A partir de 1823 la Alianza perdió fuerza, ya que cada potencia velaba más por sus intereses que por los de la coalición. Así, dos años después, se celebró la última conferencia de este organismo.

La revolución francesa de 1830

La monarquía francesa de Carlos X había significado, con respeto a la de su antecesor –Luis XVIII-, una regresión.

De esta forma, pronto se produjo el choque entre la asamblea y el primer ministro, el reaccionario Polignac.
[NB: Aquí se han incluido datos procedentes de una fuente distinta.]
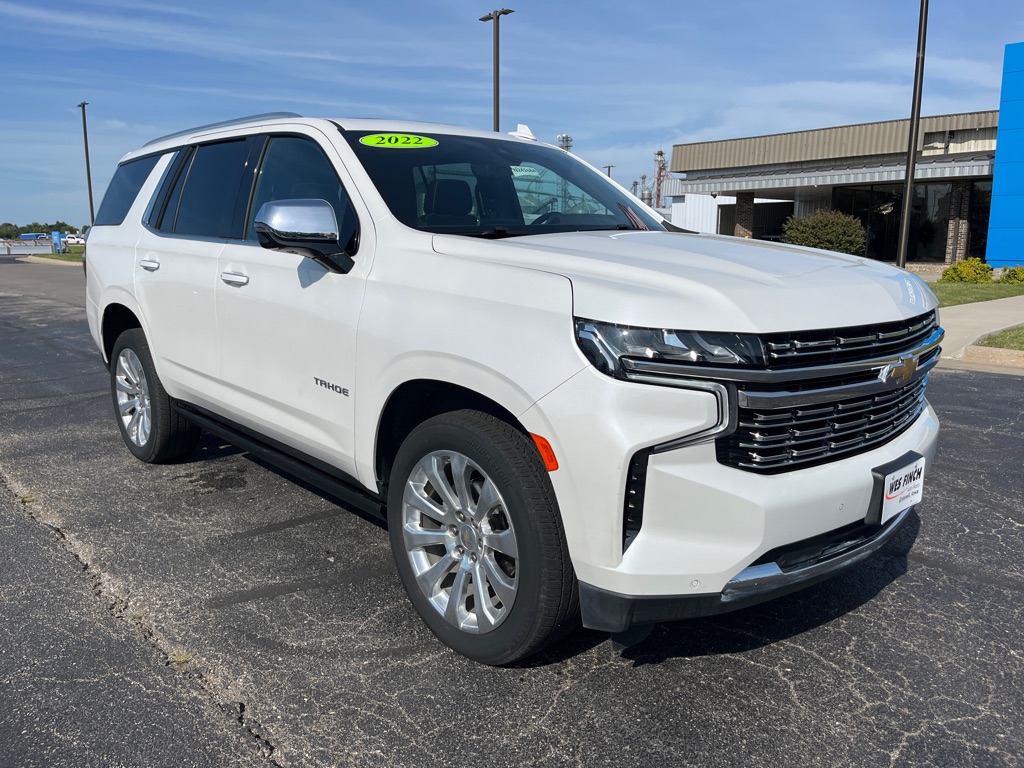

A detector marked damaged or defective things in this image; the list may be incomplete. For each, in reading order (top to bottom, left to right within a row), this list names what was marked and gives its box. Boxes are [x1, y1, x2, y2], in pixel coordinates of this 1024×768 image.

cracked pavement [0, 253, 1019, 768]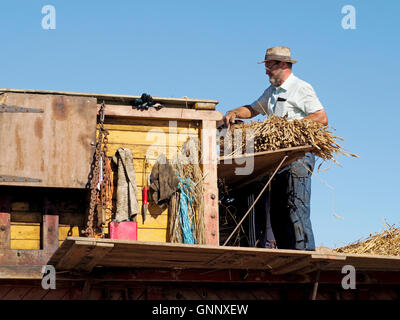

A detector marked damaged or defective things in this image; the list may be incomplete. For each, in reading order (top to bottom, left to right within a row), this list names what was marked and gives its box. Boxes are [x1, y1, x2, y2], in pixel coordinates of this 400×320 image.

rusty metal chain [83, 102, 109, 238]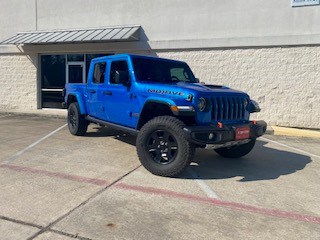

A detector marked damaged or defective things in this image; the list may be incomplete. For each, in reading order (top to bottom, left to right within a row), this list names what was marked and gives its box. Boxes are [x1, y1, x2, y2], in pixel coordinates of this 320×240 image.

pavement crack [26, 165, 142, 240]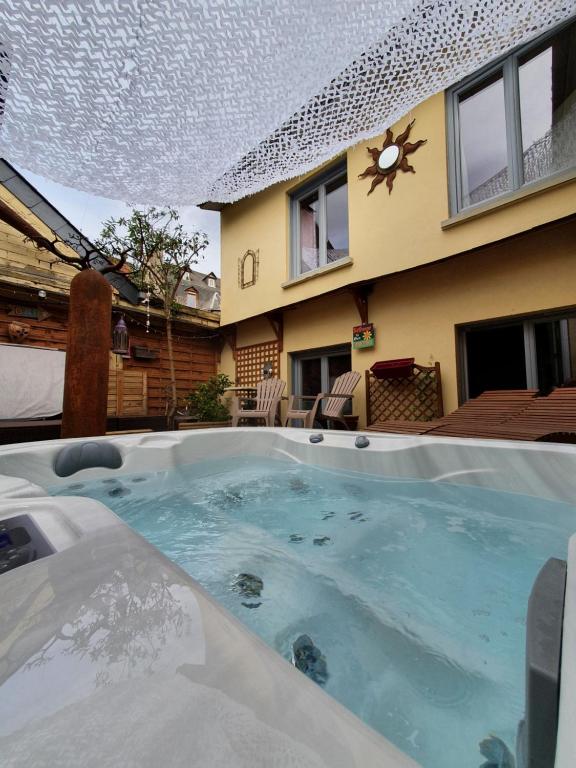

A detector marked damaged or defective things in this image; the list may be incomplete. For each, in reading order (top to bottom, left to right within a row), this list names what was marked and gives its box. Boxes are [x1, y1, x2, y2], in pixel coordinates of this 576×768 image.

rusty metal post [61, 270, 112, 438]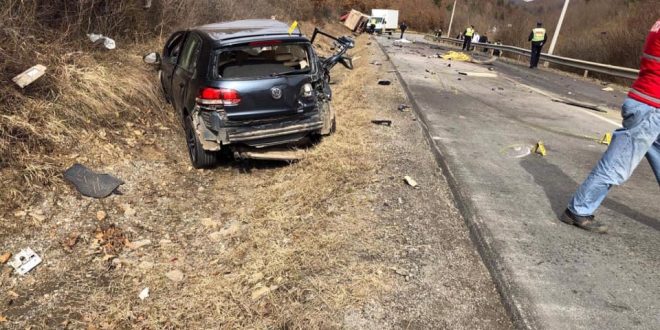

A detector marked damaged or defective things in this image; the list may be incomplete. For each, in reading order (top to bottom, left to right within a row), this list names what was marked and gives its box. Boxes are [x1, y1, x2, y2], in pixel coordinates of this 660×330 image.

En esta situación, el monarca, en un acto propio del absolutismo, suspendió la libertad de prensa, disolvió la cámara, y reformó la ley electoral.

A estos hechos siguieron las protestas de los periodistas, estudiantes, obreros, y algunos diputados, que protagonizaron tres jornadas de barricadas en julio de 1830. Esta revuelta fue tomando, poco a poco, un carácter revolucionario y republicano, que lleno de intranquilidad a los monárquicos.

Así, con el fin de salvar la institución monárquica, en agosto, mediante una hábil maniobra de Thiers, Luis Felipe de Orleans fue proclamado rey. Su entronización del de Orleans supuso la aceptación de los postulados del liberalismo y de la soberanía nacional.

En consecuencia, se reformó la Carta Otorgada para darle un sentido liberal, se suprimió la censura de la prensa, y se amplió la base electoral.

Durante dos años Francia mantuvo una orientación revolucionaria, de apoyo a otros procesos similares en otros países, y de medidas radicales en el interior. Sin embargo, a partir de 1832, el reinado de Luis Felipe tomó un rumbo más conservador, distanciándose así el régimen de la revolución.